Don’t joke about love with my child. He takes it very seriously.
“It’s OK, Cole,” I said. “If your father got me anything, I may fall out from the shock.”
“I got you a good card for your birthday,” was Lamar’s defense.
“Cole picked it out for you.”
He said nothing.
How could you refute the fact your 10-year-old was better at picking out cards than you were?
“What are you getting me?” he wanted to know.
I sighed. Our gift giving is often unbalanced because I will usually put some thought in it and get him something he wants or would like but won’t buy for himself.
Bicycle junk, neat pocket knives, other man-toy paraphernalia.
It is not a gift purchased out of a dreaded panic as he wanders down some aisle to get milk and realizes he was supposed to get me a gift for some occasion.
You know how gas stations sell those gaudy roses and weird little teddy bears holding one Hershey’s Kiss?
They started selling those for men like my husband.
Maybe it should be some consolation there are others just as horrid, but it’s not. It is disturbing. There are other women out there getting tacky, chintzy, nightmarish gifts.
“What are you getting me?” I asked back.
Lord, don’t let him do a load of laundry and tell me that’s my gift again.
I tell him if I have to fold and put it away, it’s not a gift.
“So, you don’t want clothes or linens for any gift then?” is his reply.
I give up. I am destined to either have no gifts or bad gifts. I am not sure what is worse.
The fact Lamar is a terrible gift giver concerns Cole. He wants everyone to have joy, happiness and love.
He also appreciates a well thought out gift.
We went to Walmart to get a few groceries later that day and Cole pulled his dad off to the other side of the store.

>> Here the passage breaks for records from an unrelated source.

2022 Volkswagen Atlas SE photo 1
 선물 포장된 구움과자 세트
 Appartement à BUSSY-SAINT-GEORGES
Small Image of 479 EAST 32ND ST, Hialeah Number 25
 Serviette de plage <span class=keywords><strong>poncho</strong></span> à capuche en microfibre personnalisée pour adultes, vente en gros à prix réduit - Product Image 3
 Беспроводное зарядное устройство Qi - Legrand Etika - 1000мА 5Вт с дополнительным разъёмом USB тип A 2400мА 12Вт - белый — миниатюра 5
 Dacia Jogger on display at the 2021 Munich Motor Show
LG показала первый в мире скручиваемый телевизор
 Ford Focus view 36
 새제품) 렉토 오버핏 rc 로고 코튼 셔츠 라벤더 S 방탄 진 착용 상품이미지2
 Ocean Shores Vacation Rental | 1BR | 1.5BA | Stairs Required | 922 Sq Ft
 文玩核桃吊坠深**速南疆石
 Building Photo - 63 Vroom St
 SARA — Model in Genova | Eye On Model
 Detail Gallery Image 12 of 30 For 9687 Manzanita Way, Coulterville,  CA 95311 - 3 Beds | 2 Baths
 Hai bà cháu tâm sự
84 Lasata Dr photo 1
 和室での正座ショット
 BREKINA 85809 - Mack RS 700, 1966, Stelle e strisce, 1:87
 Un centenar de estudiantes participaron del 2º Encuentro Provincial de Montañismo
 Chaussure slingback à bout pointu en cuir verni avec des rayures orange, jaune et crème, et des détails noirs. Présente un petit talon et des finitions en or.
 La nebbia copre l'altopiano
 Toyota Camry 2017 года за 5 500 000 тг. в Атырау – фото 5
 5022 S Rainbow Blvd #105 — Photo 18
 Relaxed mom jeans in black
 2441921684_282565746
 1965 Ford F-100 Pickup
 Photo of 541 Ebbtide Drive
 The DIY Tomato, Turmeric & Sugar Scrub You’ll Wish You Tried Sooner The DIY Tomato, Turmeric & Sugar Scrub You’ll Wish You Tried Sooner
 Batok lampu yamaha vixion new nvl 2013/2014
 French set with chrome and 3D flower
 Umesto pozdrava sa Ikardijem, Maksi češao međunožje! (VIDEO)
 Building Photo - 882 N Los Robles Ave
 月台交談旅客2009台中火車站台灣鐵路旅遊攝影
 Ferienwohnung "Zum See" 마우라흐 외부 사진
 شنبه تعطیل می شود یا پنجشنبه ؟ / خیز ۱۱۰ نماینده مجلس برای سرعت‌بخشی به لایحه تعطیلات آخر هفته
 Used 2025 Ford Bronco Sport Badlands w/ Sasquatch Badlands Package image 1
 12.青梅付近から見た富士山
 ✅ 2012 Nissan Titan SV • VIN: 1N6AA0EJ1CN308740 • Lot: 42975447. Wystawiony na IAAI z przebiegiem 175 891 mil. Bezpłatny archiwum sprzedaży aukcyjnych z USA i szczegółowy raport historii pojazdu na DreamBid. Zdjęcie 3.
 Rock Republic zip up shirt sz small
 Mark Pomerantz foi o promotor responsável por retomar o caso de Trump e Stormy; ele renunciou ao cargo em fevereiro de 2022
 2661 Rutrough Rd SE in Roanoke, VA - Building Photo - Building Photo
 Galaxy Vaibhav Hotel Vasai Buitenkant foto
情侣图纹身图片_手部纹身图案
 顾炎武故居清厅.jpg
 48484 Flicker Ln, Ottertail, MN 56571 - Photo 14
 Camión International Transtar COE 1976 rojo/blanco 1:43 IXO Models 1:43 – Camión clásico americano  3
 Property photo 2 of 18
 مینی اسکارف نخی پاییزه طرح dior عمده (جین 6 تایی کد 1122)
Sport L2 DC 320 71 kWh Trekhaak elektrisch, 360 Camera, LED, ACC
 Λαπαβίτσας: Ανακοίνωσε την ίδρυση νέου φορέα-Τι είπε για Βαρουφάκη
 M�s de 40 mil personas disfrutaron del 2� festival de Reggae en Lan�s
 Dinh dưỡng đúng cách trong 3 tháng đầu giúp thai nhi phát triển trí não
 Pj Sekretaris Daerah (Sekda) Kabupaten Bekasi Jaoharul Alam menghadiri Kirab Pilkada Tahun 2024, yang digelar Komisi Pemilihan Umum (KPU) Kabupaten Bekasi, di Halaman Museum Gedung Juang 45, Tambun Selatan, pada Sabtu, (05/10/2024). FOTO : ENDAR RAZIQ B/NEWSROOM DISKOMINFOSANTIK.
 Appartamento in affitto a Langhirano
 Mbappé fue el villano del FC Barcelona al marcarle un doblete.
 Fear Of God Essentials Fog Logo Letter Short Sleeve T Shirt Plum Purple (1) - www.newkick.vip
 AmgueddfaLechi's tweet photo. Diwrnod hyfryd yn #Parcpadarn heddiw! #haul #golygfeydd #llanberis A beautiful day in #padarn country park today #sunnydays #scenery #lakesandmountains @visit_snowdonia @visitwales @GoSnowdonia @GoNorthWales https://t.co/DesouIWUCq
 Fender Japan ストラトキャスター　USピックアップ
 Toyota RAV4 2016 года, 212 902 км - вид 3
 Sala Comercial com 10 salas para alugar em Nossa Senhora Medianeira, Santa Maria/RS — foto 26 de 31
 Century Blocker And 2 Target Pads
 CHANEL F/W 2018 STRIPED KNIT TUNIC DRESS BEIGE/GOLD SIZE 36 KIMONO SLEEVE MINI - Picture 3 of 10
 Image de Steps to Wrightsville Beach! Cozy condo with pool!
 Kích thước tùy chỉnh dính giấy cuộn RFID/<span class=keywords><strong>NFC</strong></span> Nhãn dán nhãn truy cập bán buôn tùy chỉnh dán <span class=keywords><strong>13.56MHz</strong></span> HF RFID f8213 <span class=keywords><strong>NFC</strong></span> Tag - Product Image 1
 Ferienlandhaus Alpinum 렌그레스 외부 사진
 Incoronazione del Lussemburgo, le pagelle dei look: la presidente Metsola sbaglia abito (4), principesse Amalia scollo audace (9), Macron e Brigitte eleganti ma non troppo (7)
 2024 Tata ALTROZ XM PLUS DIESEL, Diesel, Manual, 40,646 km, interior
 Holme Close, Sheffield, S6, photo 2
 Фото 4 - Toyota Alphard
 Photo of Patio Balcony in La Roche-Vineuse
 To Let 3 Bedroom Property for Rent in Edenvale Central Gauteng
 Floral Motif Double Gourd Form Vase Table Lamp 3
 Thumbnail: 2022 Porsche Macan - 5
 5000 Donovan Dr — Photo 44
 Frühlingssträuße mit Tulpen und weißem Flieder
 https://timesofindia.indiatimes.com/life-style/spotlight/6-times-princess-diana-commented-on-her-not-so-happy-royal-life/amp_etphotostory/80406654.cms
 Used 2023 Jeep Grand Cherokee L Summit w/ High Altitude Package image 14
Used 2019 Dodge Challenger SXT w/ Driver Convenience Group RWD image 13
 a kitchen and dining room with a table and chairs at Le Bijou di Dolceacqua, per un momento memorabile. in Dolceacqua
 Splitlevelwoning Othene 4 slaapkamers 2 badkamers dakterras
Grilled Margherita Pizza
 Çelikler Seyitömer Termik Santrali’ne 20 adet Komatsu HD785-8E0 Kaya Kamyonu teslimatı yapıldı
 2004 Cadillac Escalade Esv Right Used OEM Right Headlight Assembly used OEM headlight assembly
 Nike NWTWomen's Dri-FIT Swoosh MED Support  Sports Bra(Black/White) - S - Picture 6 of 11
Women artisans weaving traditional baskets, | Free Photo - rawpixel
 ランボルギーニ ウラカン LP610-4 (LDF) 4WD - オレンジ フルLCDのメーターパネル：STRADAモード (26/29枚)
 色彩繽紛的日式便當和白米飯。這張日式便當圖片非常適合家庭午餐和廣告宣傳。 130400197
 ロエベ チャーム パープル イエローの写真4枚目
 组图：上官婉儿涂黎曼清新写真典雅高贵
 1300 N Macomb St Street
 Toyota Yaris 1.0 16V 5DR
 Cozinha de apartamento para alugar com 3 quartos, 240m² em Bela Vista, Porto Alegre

I figured Cole was taking him to see the newest Lego-Pokemon-Halo, whatever the latest new toy was, and knew he still had a little Christmas money left over he had been wanting to spend.
As I was checking the expiration date on some Chobani, Cole ran up, beaming widely.
“Happy Valentine’s Day early!” he exclaimed, thrusting a box in my hand.
“What is it?” I asked, opening the box.
Inside was a thin gold chain. I couldn’t tell if it held a locket or was just a chain, but it was lovely.
“It’s beautiful! Can I put a pendant on it?”
Cole looked crestfallen. “You don’t like it, do you?”
“Yes, I do!” I said.
I am not as expression-able about things as he is, and I wasn’t expecting a gift in the middle of the dairy department. But my child is a hopeless romantic and believes in giving gifts, even if Greek yogurt is involved.
“I love it, Cole,” I said, trying to reassure him.
He didn’t believe me for some reason.
I didn’t want to put it on in the store – I was scared I wouldn’t catch the latch properly and would lose it, so I waited to put it on at home.
It was beautiful. Just a simple gold chain that wasn’t too long, but hit at my collar bone, giving just a hint of shimmer. It was not a chain I would put a pendant on, but one that was just a simple, lovely, delicate chain. I loved it.
“Cole, this is beautiful,” I told him.
“Do you really like it?” he asked. “I have the receipt. I didn’t have enough money and had to borrow some from Daddy. I can take it back if you want me to.”
“Absolutely not, I love this.”
“You love it just because it’s from me, right?”
“No, I love this. It’s a lovely, simple gold chain. I needed a gold chain; all my other jewelry is silver.”
“Are you sure?” he asked.
Absolutely, I was. It was perfect.
“I can do some more chores here and get more money to get you something nicer,” he said.
“Cole, baby, this is beautiful and perfect. I don’t want you spending your money on me if you feel like it’s not enough – when it is more than enough! I love it. What made you think you had to get me something?”
He sighed. “Because, I know Daddy does a bad job with getting gifts, and I know it disappoints you. You don’t get upset, because you aren’t expecting anything from Daddy. I wanted to get you something nice…something shiny and pretty. You deserve something shiny. ”
Oh, bless his heart.
He was trying to make up for his daddy’s terrible gifts or lack of gifts in general.
I don’t know if that’s even possible, but I wasn’t going to be the one to tell him that.